長くなる老いの日をどう生きていくか?
老後が加速をつけて長くなるにつれて、「老後をどう生きるか」本が書店にずらりと並ぶようになってきた。いつまでも心身を健やかに保つには? 老後資金の不安は? 老いとともに深まるさびしさ、心の不安はどうすればいい?
現代のシニアはそうした本を手に、それぞれ、懸命に老後を生きようとしている。ウォーキングやスクワットに励み、できるだけ外出するようにし、節約もし、友や仲間と他愛ないおしゃべりをして、今日も楽しく一日を終えた。
本書は、そうしたシニアたちへのエールを込めて、さらによい老後を過ごすための心得、ヒントをさまざまな角度からまとめたものだ。この本を一助に、ぜひ、心地のよい居場所づくりを進めていただきたい、と願ってやまない。
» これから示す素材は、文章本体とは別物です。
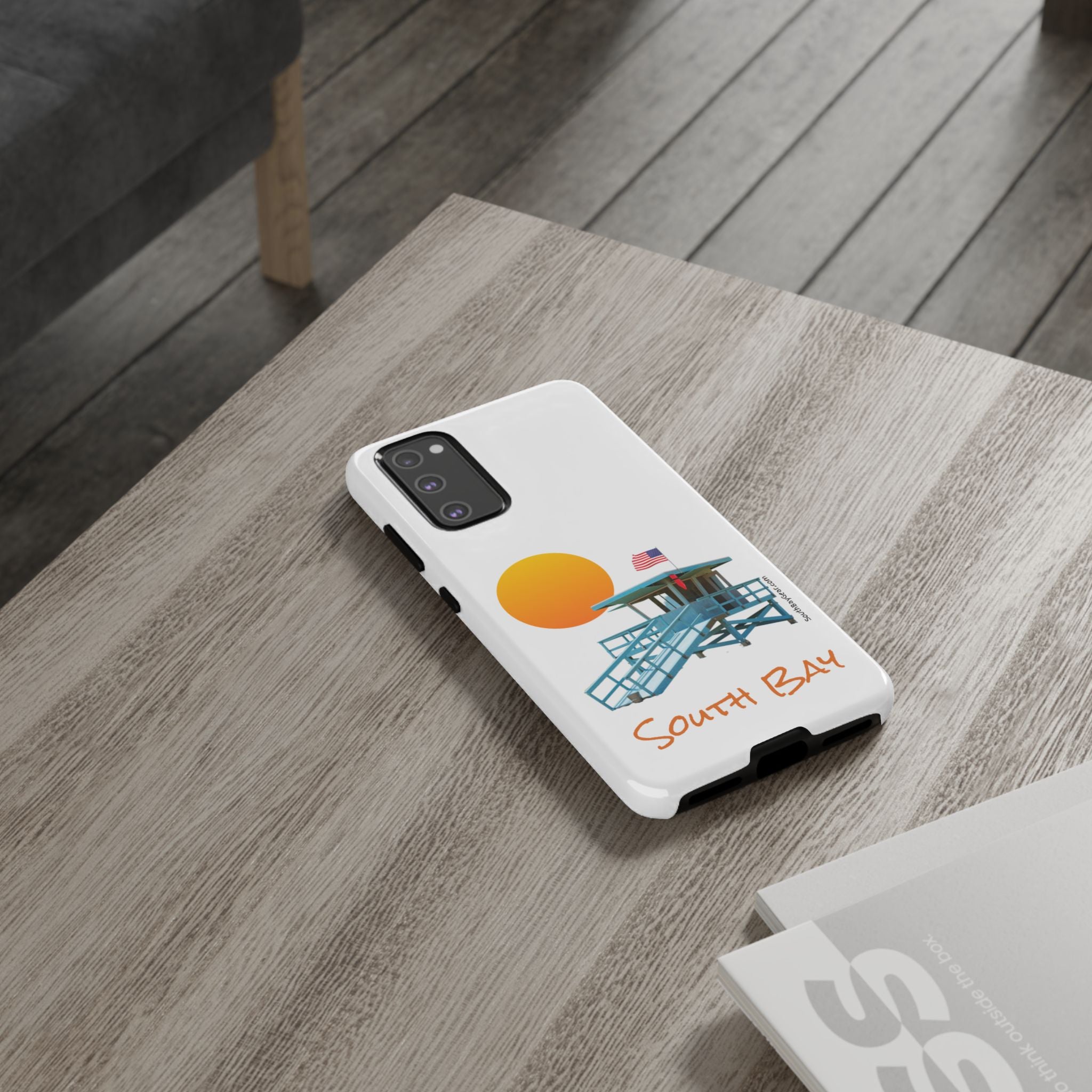 South Bay Lifeguard Stand with American Flag Tough Phone Cases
だがそれだけでは何かが物足りない。一日を終えるとき、ふっと浮かんでくるそこはかとないむなしさ。だが、それには気づかぬふりをしている。
そんな人も多いのではないだろうか。
本音をいえば、これだけ老後が長くなったら、日々をなんとかやり過ごすだけではとてももたないはずだと思う。
老後のない生き方!
「これからは老後のない人生を目指そう」というと、人生100年時代、老後はますます長くなるというのに、何を寝ぼけているの? という方もいるかもしれない。
だが、私は、大真面目に、“老後”のない人生を生きていきたい、生きていこう、と考えるようになっている。
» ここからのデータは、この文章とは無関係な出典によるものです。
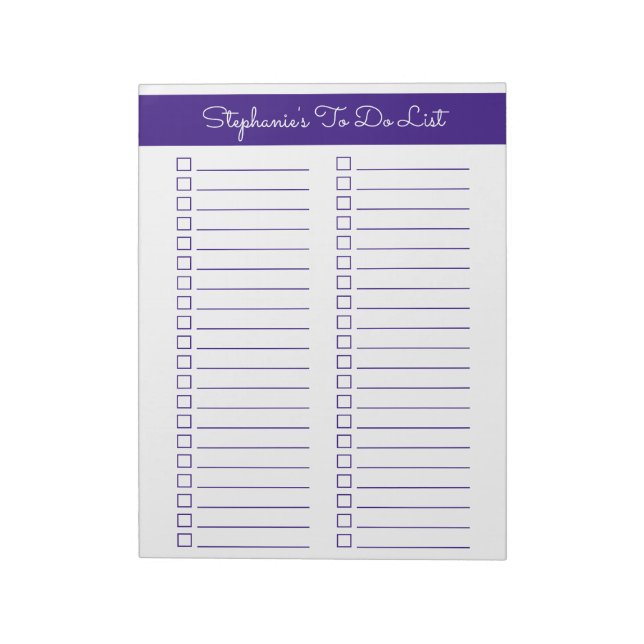 Elegant Purple 8.5x11 Two Column Checklist Notizblock (Rotiert)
病理史研究家・立川昭二氏の『江戸 老いの文化』(筑摩書房)によれば、江戸時代には「老後」という言葉はほとんど使われなかったそうだ。
当時の人々の寿命は40~50歳と短く、だから老後がなかった、のではない。
江戸では家業を継ぐのが当たり前。好きなことを仕事にできる人は限られていた。そんな事情もあったのか、現役の間は家業に勤しむ。それを果たした後は、好きなことを存分にやる。そんな生き方がよし、とされていた。
日本全図を完成させた伊能忠敬の生き方はよく知られるところ。彼は養子に入った先の家業を大きく発展させて引退。その後、若い頃からの夢だった天文学を究める道に進み、地図の完成に行き着いた。